### About this exercise
Your answer should consist of the lines in the data below that contain "photo".

(Material to process Opens)

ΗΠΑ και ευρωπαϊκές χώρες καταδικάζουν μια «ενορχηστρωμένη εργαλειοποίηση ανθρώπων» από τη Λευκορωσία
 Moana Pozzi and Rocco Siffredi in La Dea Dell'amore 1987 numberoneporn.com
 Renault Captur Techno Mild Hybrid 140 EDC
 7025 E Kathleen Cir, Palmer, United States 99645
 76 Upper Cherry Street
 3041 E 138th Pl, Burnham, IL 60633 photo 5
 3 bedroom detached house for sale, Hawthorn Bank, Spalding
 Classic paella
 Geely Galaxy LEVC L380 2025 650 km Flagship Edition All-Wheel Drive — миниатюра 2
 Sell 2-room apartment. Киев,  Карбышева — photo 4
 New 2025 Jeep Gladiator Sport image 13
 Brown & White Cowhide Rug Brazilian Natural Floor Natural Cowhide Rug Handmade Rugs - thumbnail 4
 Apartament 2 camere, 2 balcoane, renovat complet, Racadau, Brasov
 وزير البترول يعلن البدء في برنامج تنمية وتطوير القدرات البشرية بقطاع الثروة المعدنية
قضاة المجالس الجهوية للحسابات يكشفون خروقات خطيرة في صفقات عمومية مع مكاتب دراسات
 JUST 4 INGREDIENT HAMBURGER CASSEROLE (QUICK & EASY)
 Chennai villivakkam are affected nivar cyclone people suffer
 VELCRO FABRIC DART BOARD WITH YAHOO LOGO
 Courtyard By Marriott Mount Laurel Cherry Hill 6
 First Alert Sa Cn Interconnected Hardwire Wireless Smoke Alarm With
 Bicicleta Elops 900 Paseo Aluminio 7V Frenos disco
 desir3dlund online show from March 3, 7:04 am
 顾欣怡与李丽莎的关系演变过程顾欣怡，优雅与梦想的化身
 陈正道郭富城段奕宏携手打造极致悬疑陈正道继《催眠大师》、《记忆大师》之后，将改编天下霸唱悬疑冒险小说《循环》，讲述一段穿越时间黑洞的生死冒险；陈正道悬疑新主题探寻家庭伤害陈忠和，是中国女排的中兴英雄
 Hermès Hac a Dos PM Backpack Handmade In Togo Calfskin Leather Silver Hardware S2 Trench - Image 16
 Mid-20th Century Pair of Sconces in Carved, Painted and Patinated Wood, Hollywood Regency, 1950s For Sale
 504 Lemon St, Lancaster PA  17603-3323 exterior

(Material to process Closes)

### Solution for this exercise
 3041 E 138th Pl, Burnham, IL 60633 photo 5
 Sell 2-room apartment. Киев,  Карбышева — photo 4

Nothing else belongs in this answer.